Comparing nodes
Comparing nodes is a process of checking how equivalent two nodes are to each other. This is used heavily in StaticShape as a way to see whether nodes should be merged or should become another node, like loops and conditionals.
For example, we have two html element nodes that need to be compared:
<h1>Home</h1>
<h1>About</h1>
For a human, it is easy to see that these are very similar. To make this comparison automatic, we need to have a mathematical representation of how “similar” they are. In StaticShape this is called an equivalency score.
#Equivalency scores
An equivalency score is a number between 0 and 1. A good way to interpret the numbers is as a percentage, between 0% match and 100% match. This gives us a way of comparing the nodes and having thresholds for different behaviour like merging and loops.
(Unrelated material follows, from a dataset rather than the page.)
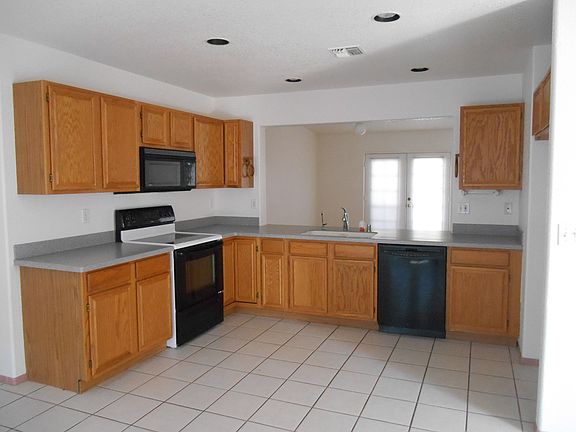 3rd image of 3838 Pocahontas Ln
#Scoring elements equivalency
To compare the elements listed above, the HTML needs to be parsed into an element node:
{
"type": "element",
"name": "h1",
"attrs": {},
"children": [
{
"type": "text",
"value": "Home"
}
]
}
{
"type": "element",
"name": "h1",
"attrs": {},
"children": [
{
"type": "text",
"value": "About"
}
]
}
To compare the two elements we can now compare all of the metadata attached. This is where the code needs to be more specific about comparing the different types of nodes. In the above example, a comparison between two h1 occurs:
- ✅ Both nodes have
type
element
- ✅ Both nodes have
name
h1
- ✅ Both nodes have the same
attrs
- 🤔 Each node has a different list of childen
From this comparison, a score can be attached to each positive match. For properties like attrs
and children
, we can run the scoring recursively to get a score. The max score is also calculated to put the score between 0 and 1.
#Scoring nodes tree equivalency
When a tree needs a score, each element from the first tree is compared to the element in the same position in the second tree. Each score is summed and compared with the number of nodes.
[
{
"type": "text",
"value": "Home"
}
]
[
{
"type": "text",
"value": "About"
}
]
#Scoring text nodes
To finish our example, a method of scoring text nodes is needed.
{
"type": "text",
"value": "Home"
}
{
"type": "text",
"value": "About"
}
In the above example, a comparison between two text nodes occurs:
- ✅ Both nodes have
type
text
- 🤔 Each nodes
value
is not the same
As the value
key in a text node is a string, a method is needed for comparing the distance between two strings. For this StaticShape uses a algorithm called Levenshtein distance or edit distance. This algorithm gives a number of edits that would be required to change one string to another. This distance can be used as the score. The max score is the total number of characters in the longest string. Combining these, we can arrive at a score between 0 and 1.